Exact copy, pictures omitted: the line holding "Guys, I hope" and every line after it down to the end of the entries.
--- START ---
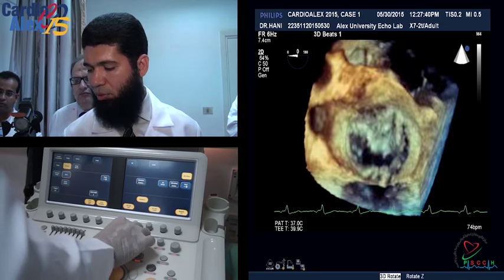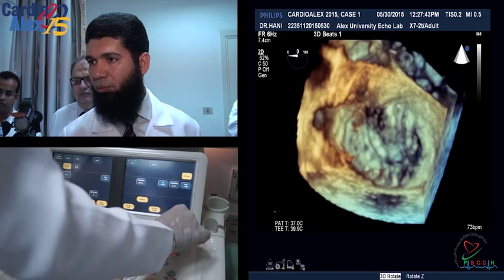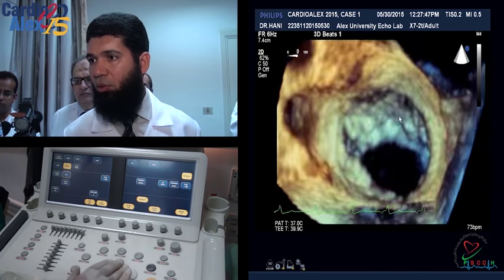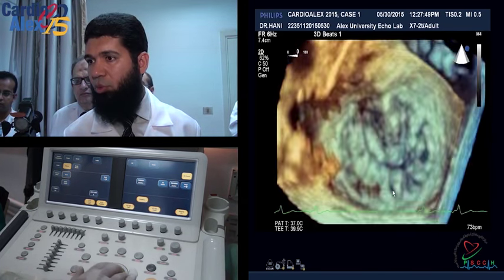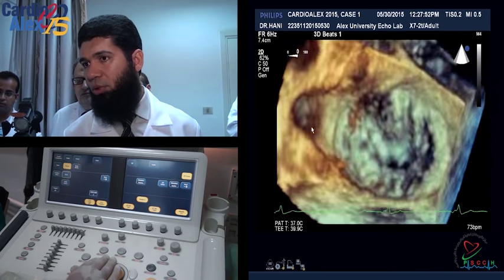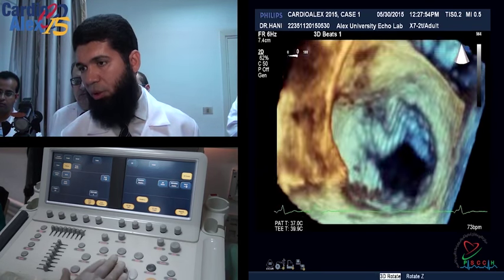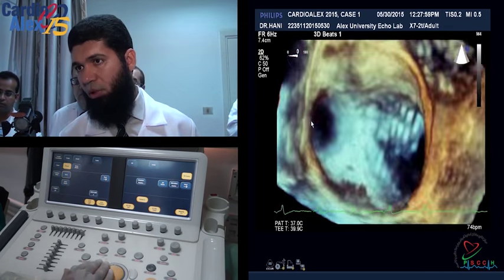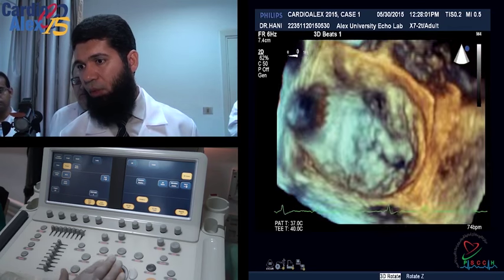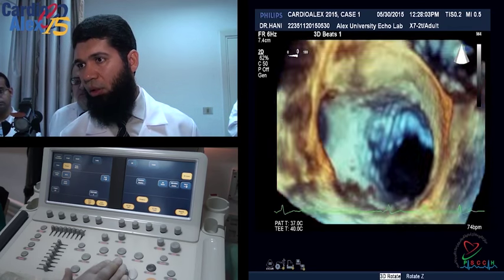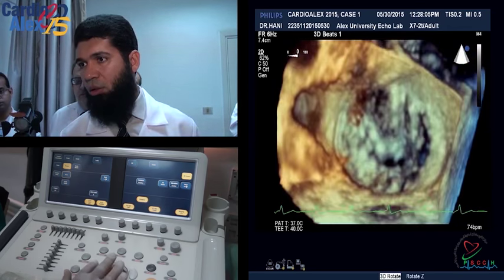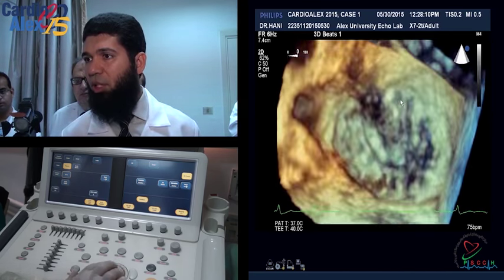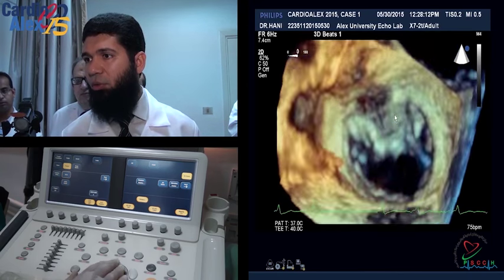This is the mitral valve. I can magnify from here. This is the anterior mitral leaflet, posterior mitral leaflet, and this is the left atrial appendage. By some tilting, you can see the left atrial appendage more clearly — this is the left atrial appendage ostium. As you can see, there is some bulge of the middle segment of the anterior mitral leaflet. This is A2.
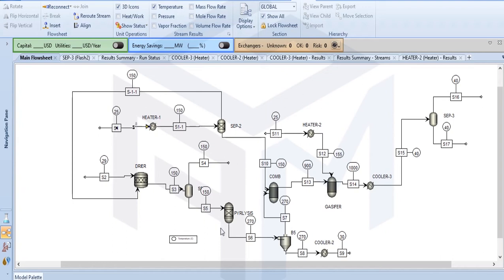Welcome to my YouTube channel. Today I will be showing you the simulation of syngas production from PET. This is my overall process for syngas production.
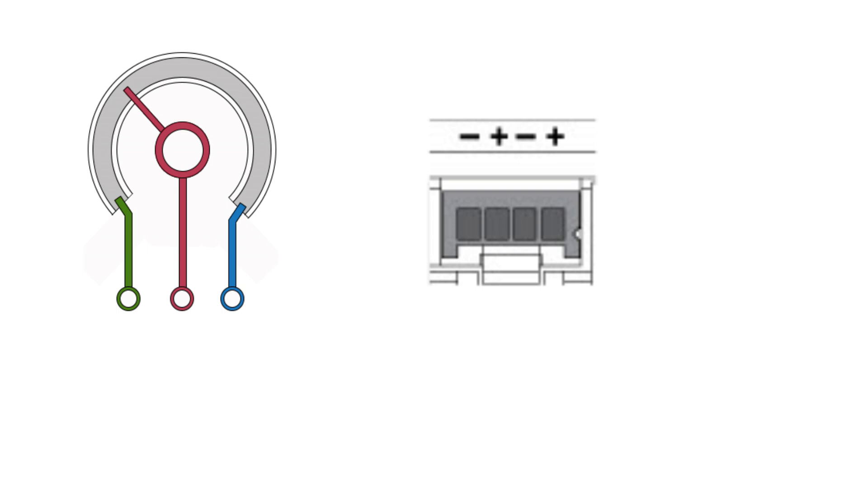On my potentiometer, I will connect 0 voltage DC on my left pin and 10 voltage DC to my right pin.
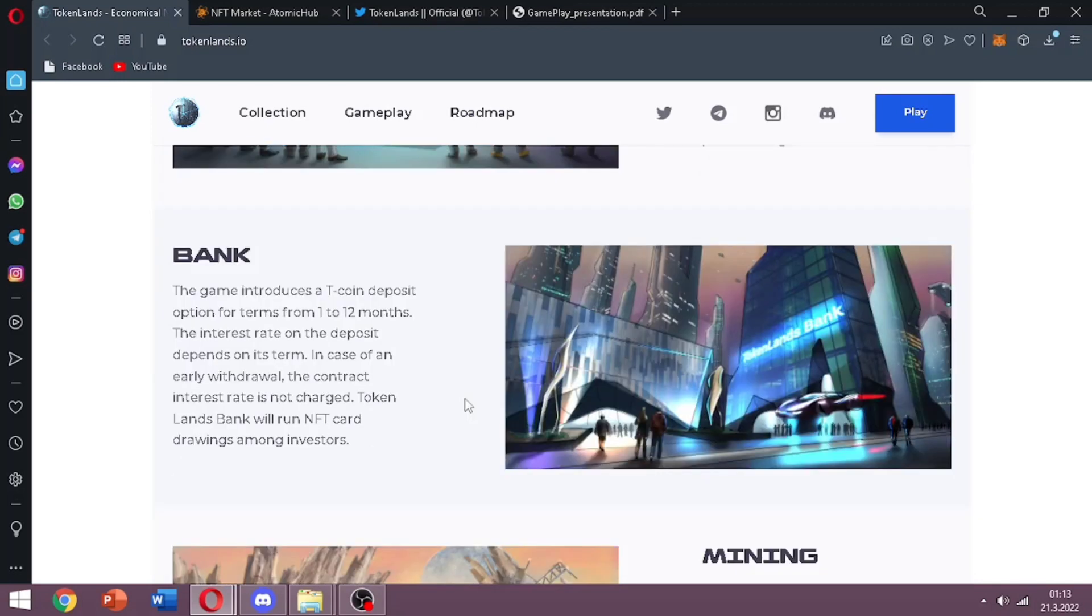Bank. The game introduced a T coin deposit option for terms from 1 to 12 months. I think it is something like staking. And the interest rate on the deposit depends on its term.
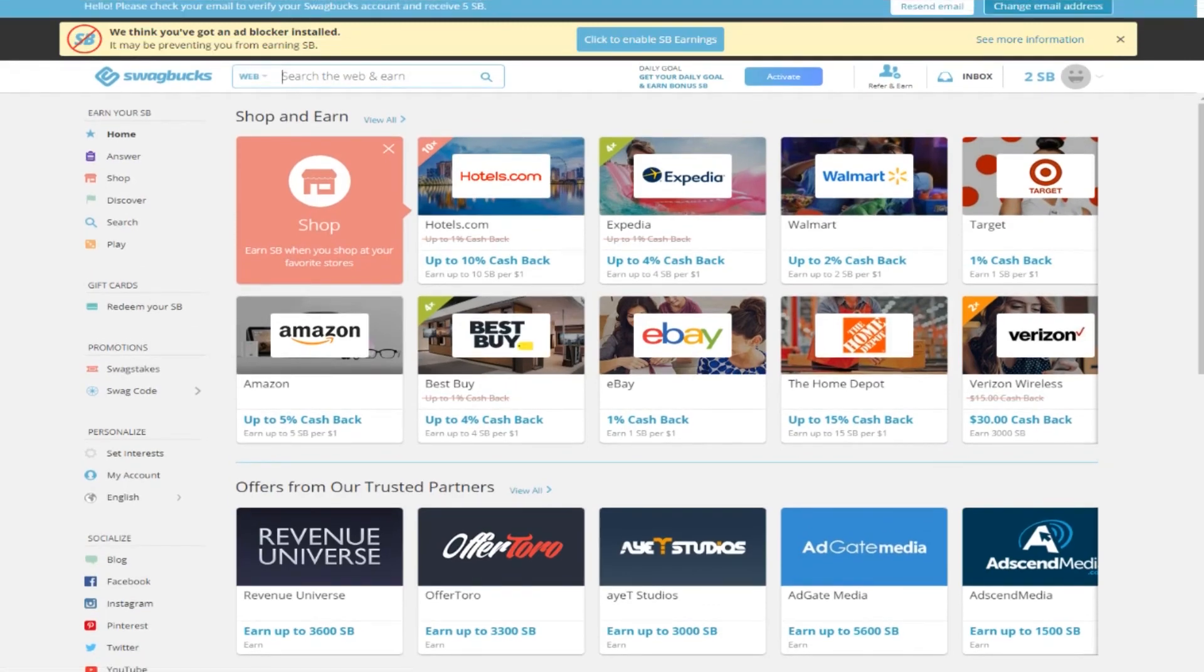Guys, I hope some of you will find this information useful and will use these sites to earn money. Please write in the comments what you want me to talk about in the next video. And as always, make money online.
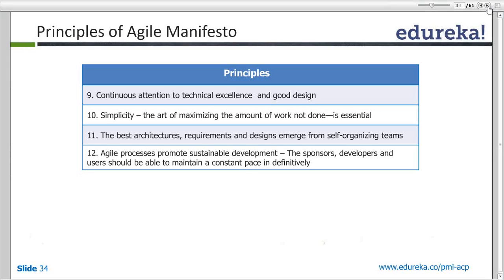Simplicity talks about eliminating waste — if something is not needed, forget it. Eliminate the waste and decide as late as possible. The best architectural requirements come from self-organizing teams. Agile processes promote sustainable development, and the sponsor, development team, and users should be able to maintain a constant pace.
--- END ---
* FINISHED EXERCISE
Guys, I hope some of you will find this information useful and will use these sites to earn money. Please write in the comments what you want me to talk about in the next video. And as always, make money online.
Simplicity talks about eliminating waste — if something is not needed, forget it. Eliminate the waste and decide as late as possible. The best architectural requirements come from self-organizing teams. Agile processes promote sustainable development, and the sponsor, development team, and users should be able to maintain a constant pace.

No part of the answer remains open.